### INPUT DATA
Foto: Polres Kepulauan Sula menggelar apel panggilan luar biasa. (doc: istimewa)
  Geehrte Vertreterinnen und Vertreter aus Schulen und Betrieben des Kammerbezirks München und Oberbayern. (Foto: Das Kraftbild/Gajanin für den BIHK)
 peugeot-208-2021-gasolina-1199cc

### WHAT TO DO
Give back the whole listing above, identical in every line.

### RESPONSE AREA
Foto: Polres Kepulauan Sula menggelar apel panggilan luar biasa. (doc: istimewa)
  Geehrte Vertreterinnen und Vertreter aus Schulen und Betrieben des Kammerbezirks München und Oberbayern. (Foto: Das Kraftbild/Gajanin für den BIHK)
 peugeot-208-2021-gasolina-1199cc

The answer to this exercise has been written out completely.